Dark humour from an exciting new novelist.

Fake Baby is a tender and funny exploration of the power of words, our perception of resilience and what it means to be real.

Nine Days.

One City.

Three Oddballs.

Stephen’s dead father is threatening to destroy the world. If Stephen commits the ultimate sacrifice and throws himself into the harbour, he will save humanity. The last thing he needs is a Jehovah’s Witness masquerading as a schoolboy and an admission to a mental health facility.
*
Jaanvi steals a life-like doll called James and cares for him as if he were her dead baby. Her husband demands she return him. But she and James have already bonded, and it’s nobody’s business how she decides to grieve.
*
Lucas, pharmacist and all-round nice guy, is having one of the worst weeks of his life. His employees forgot his birthday, his mother’s gone manic, and now his favourite customer is in hospital because of a medication error he made. Can he make things right? Or is life all downhill after forty?
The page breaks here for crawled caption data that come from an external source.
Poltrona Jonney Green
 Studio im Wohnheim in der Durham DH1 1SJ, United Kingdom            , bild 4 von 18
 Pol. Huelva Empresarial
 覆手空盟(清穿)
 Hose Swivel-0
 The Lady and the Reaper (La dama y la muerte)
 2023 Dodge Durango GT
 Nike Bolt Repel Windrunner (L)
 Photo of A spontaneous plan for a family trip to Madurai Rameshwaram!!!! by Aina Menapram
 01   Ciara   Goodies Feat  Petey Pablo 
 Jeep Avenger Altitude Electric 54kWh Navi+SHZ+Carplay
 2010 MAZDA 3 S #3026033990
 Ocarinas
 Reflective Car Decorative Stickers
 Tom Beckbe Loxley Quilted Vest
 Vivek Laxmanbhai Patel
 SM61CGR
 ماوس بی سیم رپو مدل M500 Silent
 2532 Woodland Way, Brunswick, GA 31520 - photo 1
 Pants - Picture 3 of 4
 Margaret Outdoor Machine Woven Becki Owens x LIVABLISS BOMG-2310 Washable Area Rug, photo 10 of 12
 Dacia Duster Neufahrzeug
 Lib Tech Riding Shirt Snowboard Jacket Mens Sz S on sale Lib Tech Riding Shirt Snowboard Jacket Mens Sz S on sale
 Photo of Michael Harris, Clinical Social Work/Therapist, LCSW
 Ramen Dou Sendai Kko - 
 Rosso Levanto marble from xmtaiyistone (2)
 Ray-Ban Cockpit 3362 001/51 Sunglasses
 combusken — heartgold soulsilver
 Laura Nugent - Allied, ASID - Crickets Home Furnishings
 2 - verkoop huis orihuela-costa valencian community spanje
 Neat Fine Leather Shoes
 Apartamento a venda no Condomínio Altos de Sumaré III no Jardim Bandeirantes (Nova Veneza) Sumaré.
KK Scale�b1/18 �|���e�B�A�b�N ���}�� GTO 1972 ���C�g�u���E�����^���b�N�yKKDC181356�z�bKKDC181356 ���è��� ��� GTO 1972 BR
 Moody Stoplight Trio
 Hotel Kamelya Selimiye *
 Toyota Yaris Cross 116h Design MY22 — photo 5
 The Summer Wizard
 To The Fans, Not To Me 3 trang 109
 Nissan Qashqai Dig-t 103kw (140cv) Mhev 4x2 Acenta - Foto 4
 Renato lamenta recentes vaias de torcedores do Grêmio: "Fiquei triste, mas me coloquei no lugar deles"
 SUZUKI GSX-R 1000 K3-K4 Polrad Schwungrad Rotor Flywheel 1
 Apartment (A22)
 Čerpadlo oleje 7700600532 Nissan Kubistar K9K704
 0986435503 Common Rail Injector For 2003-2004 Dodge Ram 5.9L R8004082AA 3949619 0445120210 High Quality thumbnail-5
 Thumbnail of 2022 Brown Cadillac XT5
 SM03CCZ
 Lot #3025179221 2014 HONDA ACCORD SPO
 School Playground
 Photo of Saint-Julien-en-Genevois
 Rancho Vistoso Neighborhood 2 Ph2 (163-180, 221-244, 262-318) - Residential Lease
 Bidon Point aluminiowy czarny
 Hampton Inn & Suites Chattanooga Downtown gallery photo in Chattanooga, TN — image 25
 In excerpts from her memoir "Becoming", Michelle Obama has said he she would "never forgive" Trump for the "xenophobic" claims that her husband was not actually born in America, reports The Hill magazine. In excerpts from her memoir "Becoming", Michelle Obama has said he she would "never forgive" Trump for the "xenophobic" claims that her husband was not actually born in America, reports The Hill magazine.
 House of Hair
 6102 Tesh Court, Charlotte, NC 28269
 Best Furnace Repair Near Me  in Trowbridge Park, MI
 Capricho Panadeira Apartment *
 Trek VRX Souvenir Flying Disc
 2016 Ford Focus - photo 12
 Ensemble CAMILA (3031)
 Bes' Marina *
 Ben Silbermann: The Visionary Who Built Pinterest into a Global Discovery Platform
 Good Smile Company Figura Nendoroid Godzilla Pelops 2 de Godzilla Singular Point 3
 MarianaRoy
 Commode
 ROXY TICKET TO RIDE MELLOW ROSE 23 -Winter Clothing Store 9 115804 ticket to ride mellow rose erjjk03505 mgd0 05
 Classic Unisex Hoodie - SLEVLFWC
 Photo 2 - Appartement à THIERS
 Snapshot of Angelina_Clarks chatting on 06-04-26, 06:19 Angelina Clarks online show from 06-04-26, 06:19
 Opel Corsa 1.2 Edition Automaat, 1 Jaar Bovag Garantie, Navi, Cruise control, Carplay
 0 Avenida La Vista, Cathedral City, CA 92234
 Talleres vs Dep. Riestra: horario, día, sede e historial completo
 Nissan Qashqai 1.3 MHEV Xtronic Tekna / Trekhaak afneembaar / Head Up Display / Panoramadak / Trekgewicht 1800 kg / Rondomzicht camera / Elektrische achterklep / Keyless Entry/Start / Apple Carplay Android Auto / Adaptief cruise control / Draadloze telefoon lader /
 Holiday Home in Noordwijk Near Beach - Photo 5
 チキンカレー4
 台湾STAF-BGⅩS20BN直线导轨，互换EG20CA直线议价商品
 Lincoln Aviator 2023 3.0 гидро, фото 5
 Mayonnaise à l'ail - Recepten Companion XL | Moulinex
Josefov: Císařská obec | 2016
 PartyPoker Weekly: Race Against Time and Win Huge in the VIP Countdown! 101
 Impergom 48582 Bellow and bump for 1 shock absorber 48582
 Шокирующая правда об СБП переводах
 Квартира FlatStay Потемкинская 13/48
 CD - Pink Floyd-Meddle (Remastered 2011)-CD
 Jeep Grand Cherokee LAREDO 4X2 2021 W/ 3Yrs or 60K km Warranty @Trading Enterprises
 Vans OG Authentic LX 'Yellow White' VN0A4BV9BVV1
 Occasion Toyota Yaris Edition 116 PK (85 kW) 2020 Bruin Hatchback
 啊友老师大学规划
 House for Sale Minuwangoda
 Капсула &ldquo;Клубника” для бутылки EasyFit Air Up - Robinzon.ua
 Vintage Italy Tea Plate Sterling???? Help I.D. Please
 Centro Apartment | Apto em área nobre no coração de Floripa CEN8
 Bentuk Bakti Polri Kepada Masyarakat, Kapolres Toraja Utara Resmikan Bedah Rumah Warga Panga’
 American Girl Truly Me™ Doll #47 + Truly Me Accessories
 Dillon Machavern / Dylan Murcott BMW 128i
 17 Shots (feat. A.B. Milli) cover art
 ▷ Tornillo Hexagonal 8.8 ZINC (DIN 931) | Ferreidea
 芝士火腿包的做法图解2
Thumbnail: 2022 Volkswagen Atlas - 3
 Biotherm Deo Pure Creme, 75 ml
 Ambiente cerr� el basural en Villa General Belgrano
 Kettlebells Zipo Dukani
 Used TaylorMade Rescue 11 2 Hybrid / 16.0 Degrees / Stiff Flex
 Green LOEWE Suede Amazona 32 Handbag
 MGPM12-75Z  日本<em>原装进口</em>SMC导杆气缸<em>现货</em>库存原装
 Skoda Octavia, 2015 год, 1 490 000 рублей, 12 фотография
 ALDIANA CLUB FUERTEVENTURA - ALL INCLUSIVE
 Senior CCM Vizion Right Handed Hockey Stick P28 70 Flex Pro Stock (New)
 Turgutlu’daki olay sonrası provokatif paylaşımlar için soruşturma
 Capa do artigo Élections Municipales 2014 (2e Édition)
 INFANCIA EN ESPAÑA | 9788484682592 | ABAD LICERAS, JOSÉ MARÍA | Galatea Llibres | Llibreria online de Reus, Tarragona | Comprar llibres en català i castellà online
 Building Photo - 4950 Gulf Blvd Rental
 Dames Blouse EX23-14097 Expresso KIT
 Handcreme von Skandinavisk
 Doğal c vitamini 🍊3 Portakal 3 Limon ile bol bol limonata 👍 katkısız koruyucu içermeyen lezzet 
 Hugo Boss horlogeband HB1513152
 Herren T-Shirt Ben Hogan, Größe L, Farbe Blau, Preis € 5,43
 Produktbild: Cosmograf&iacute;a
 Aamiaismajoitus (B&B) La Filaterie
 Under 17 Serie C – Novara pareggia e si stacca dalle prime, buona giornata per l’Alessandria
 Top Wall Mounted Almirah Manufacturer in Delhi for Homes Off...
'A darkly funny satire that's both moving and wise.' - Paula Morris

  • Published: 2 June 2020
  • ISBN: 9780143774648
  • Imprint: Penguin eBooks
  • Format: EBook
  • Pages: 304

About the author

Amy McDaid

Amy McDaid has a Master of Creative Writing (First Class Honours) and a Bachelor’s degree in English and History from the University of Auckland. The first draft of Fake Baby was awarded the Sir James Wallace Prize: New Zealand’s richest prize for a creative writing student. She works part-time as a Newborn Intensive Care Nurse and has work published in The Spinoff and Auckland University’s Three Lamps Journal. Her short story ‘Kowhai’ was shortlisted for the Katherine Mansfield Short Story Novice Award in 2008.

Praise for Fake Baby

I'm just blown away by this book . . . it was highly entertaining and it made me cry . . . it also made me giggle, it made me laugh and smile and I think her writing is so well put together, it's so beautiful, so I'm very excited by this book . . . ten out of ten, it's a cracker.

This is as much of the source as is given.